Dans mon quartier les pauvres
roulent en voiture, les très pauvres marchent à pied ou fraudent dans les
transports en commun et les bourgeois roulent à bicyclette. La lutte de classes
se mène donc à front renversé. Avenue Mozart, en haut de l’échelle sociale se
trouvent les berlines avec chauffeur, puis les chauffeurs sans berline, puis
les propriétaires de twingo et autres cabriolets d’occasion, puis les
motocyclistes de grosses cylindrées et tout en bas de l’échelle sociale, les
cyclistes. Tout en bas, parce qu’il n’y a pas de piétons. Les piétons se font
immédiatement contrôler, arrêter, expulser, renvoyer, verbaliser, menotter,
sermonner. Parfois, le propriétaire d’une berline, quand il descend de son
véhicule voit un piéton, il lui donne une pièce, car un piéton, dans certains
quartiers, ne peut être qu’un marginal dépouillé de tout. Là-bas, donc, les
choses sont claires. Du côté de La Muette, de Jasmin, du Bois de Boulogne.
Chez
moi, c’est différent. Les très pauvres peuvent se promener ici sans risque de
contrôle et de menottes car il y en a beaucoup trop. Ils se promènent
tranquillement dans les ruelles étroites, sur les trottoirs ou sur la chaussée.
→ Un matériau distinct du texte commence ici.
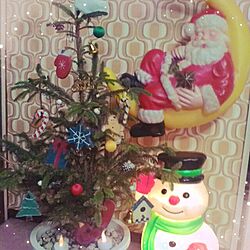 玄関/入り口/中古住宅/築40年以上/クリスマスツリーのインテリア実例 - 2016-11-20 16:12:49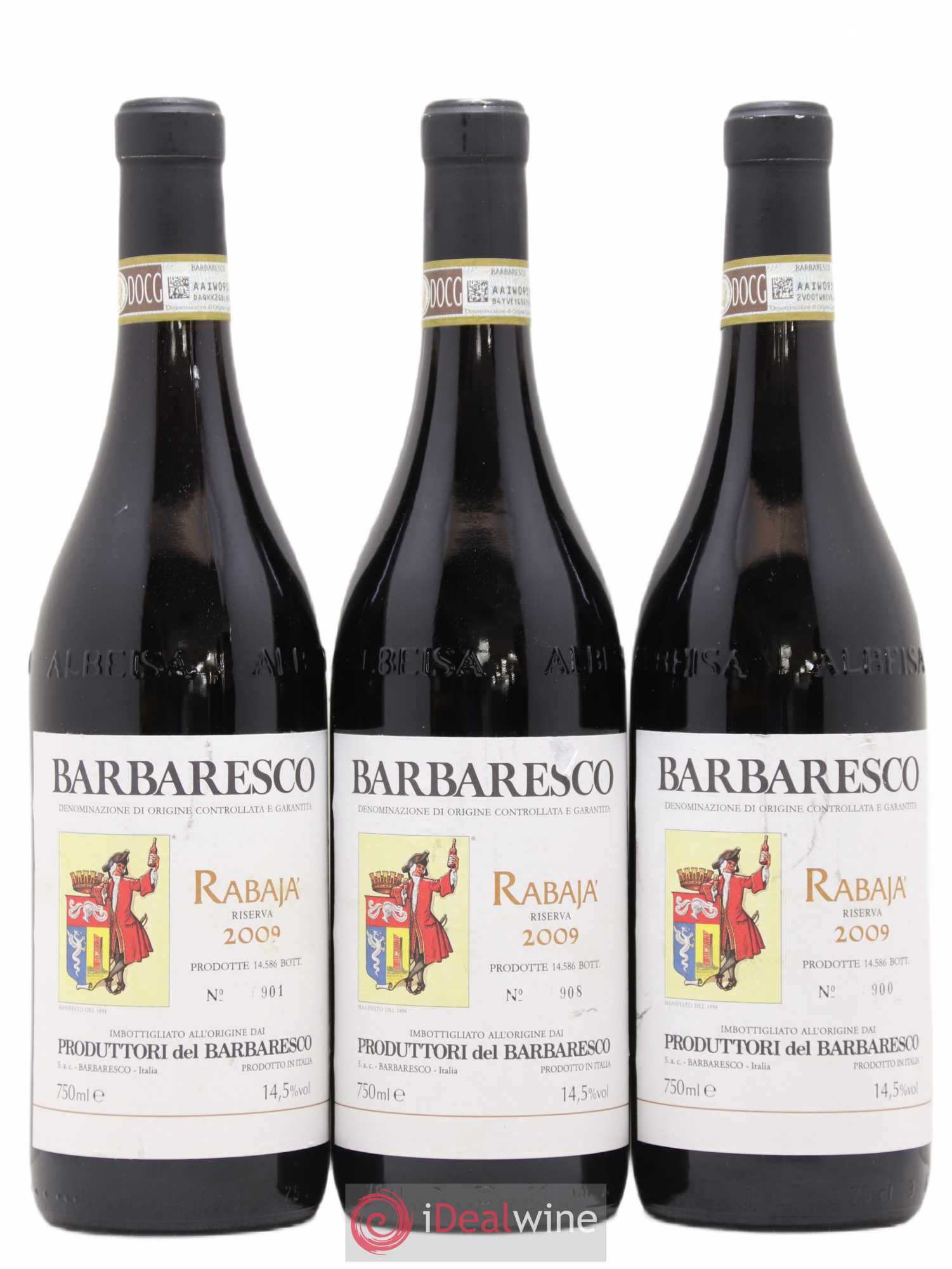 Barbaresco DOCG Riserva Rabaja Produttori del Barbaresco 2009 - Posten von 3 Flaschen - 0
Les pauvres, qui viennent souvent des villes de banlieue et des départements
désignés, ne peuvent pas marcher à pied sous peine d’être confondus avec le
lumpen prolétariat et ils ne veulent pas. Comme ils ont des enfants et des
paquets de légumes pesants, ils ne peuvent pas se déplacer à bicyclette, il ne
leur reste plus que la voiture. Ils viennent ici avec leur plaque
d’immatriculation neuf trois, ou sept huit, roulent lentement en file unique
dans ces rues étroites, klaxonnent au premier ralentissement, se garent
n’importe où en laissant les enfants et leurs sacs dans la voiture pendant que
monsieur va boire une bière et madame se refait les ongles, parfois même en laissant
le moteur allumé, en hiver.
Les
vélos sont les instruments ici des classes supérieures. Comme les aristocrates
dans leur calèche, ils passent haut perchés sur leur selle et sonnent leur
timbre customisé tout en criant « oh là, manant, tu me laisses
passer ? ».
Hier, pour
aller à la gare Montparnasse attendre ma belle, il restait un vélib sous la
station de métro. Les piliers sont recouverts de fiente de pigeons. Dans un
recoin, un monsieur pisse. Une demoiselle arrive en même temps que moi. Elle me
voit, avec ma canne, mes cheveux gris et me regarde effrontément : j’étais
là en même temps que vous. Je lui dis : ce vélib me revient au bénéfice de
l’âge. Elle accepte l’explication et s’en va. Je glisse ma carte d’abonnement,
le voyant vert clignote, mais le vélo reste coincé. Je répète l’opération avec
ma deuxième carte d’abonnement. Le vélo reste toujours coincé. La demoiselle
est partie. Je descends dans les entrailles du métropolitain et je trouve une
place assise au bénéfice de l’âge.
Que veut dire
exactement « au bénéfice de l’âge » ? Ça veut dire, une
demoiselle arrive en même temps que vous devant le seul vélib qui reste dans la
station Barbès où fiente et pisseurs entretiennent une ambiance glauque, alors
que si j’avais été jeune, j’aurais dit « bien entendu, je vous laisse le
vélo, habitez-vous chez vos parents et plus si affinité ». Au bénéfice de
l’âge, ça veut dire : j’échange le vélo contre votre âge ». Vous
prenez le vélib, je vous donne mon âge. An
bénéfice de l’âge, ça veut dire une place assise dans le métro si vous avez une
canne, un vélib à Barbès qui reste coincé.